Quem quisesse tirar uma foto 3×4 para atualizar a carteira ou um documento tinha que recorrer aos serviços de pessoas como Marcão, como é conhecido na região. O retratista possui uma cabine em frente à Praça Cívica. O ponto na esquina com a Avenida Araguaia já foi um dos mais cobiçados no passado. “Mas hoje tá minguado”, faz a ressalva.
Os tempos mudaram. Hoje, dá para fazer boas fotos para documentos com um celular em mãos e gradativamente as pessoas deixaram de procurar o trabalho de Marcão. Nem sempre foi assim. “A gente até já fez eventos do provão que a pessoa ia pessoalmente fazer a matrícula para fazer as provas. Já teve semana de eu bater 1.000 pessoas. Isso no começo dos anos 2000”, relembra.
Atualmente, Marcão se vira como pode. Ele relata dias em que atende aproximadamente 10 pessoas.
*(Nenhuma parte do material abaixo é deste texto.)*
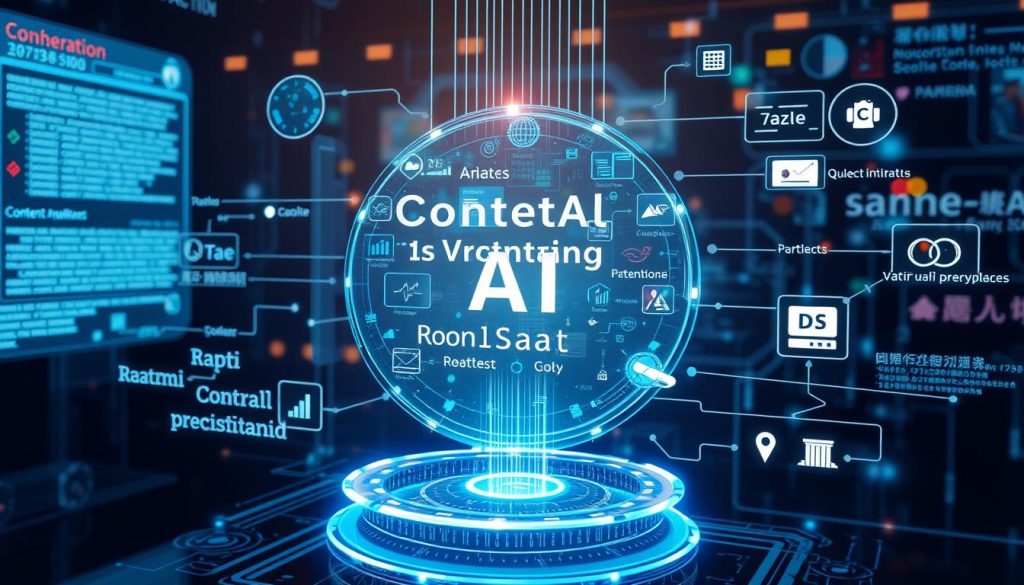 Futuristic AI content creation with advanced visualization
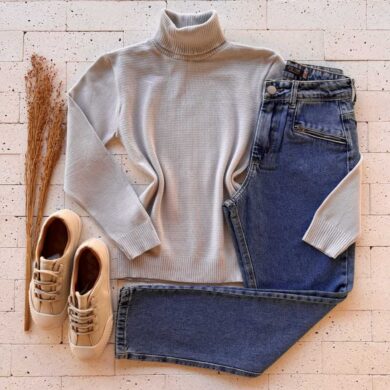 Dondoca_com_br Blusa Trico Basic Gola Alta Gelo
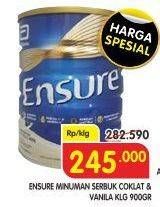 Promo Harga ENSURE Nutrition Powder FOS Vanila, Cokelat 900 gr - Superindo
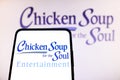 May 14, 2022, Brazil. In this photo illustration the Chicken Soup for the Soul Entertainment logo seen displayed on a smartphone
Em outros, alguns poucos. “O trem tá [sic] meio difícil, hein?”, destaca. Cada cartela com 8 fotos é comercializada a R$ 30. “Fica em cima para cobrir todos os custos que a gente tem.”
É preciso correr contra o tempo e não raro o retratista recorre a corridas em aplicativos de transporte para complementar os ganhos. “A gente fica no vermelhinho. Fecha no vermelho, termina no vermelho. A gente tem que se reinventar… A inflação tá presente na vida do brasileiro”, conta.
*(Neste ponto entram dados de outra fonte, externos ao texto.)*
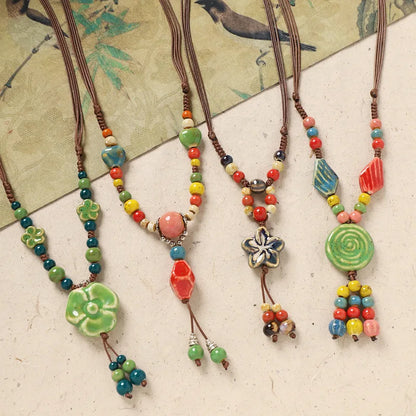Ceramic Necklace with Colorful Beads Flower-shaped Long Sweater Chain Retro Accessory for Women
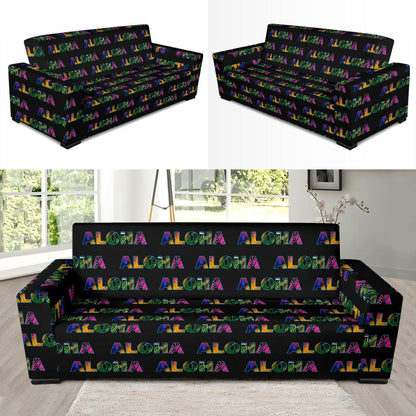 Aloha Hawaii Neon Sofa Slipcover-JORJUNE.COM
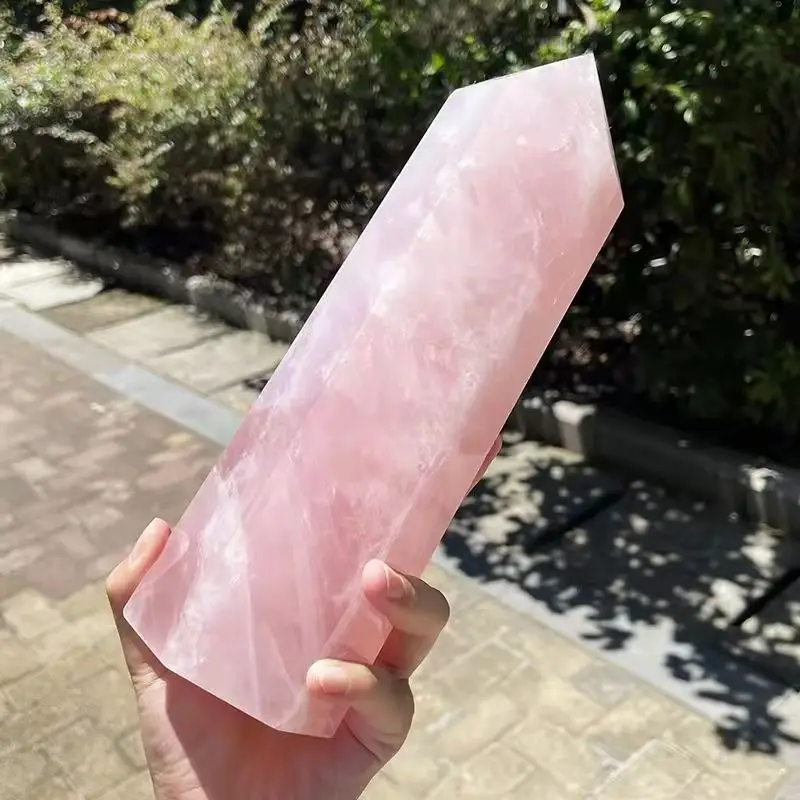 Magical Natural Pink Crystal Magic Wand Quartz Crystal Pillar Mineral Healing Peach Blossom Gem Home Office Degaussing Decoratio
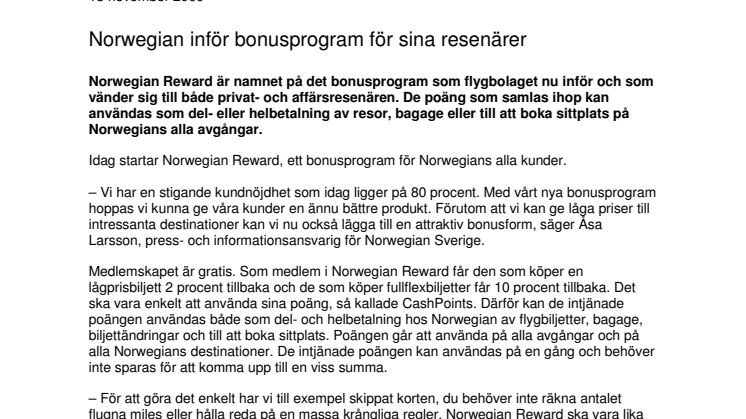 Norwegian inför bonusprogram för sina resenärer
No passado, os clientes de Marcão não tinham um perfil específico. Da doméstica ao grande empresário, todos lhe procuravam para adquirir uma foto 3×4. “Hoje são os operários. Os empregados da CLT que vão entrar na empresa e ser registrados. O pessoal exige ainda foto para colocar lá no formulário do RH”, conta em tom quase antropológico.
Marcão se considera um “sobrevivente” em um mercado que foi praticamente suplantado por conta da era digital. Mas acredita que terá fôlego para continuar mais algum tempo. “Ao meu ver, tem pessoas que não conseguem acesso o digitalização. Alguns não querem se adaptar mesmo. Acho que não é para todo o mundo. Por exemplo, o Pix foi criado e nem todo mundo quer usar. A maioria da população, claro, tem acesso e não vai vir aqui tirar uma foto 3×4. Infelizmente, ou felizmente a tecnologia não é para todo o mundo”, salientou.
Quando se fala em reformulação do centro da cidade, Marcão até esboça um ar otimista, mas teme que os interesses eleitoreiros norteiam o debate e o assunto fique apenas no discurso. “O pessoal fala em revitalização. A gente ouve que isso pode acontecer e precisa mesmo. Eu não sei quando virá e se o poder público vai conseguir fazer algo efetivo, que não seja algo politiqueiro. O ano da eleição está chegando, os políticos prometem muita coisa. Claro, a gente torce né? O Centro não pode ficar como tá”, destaca.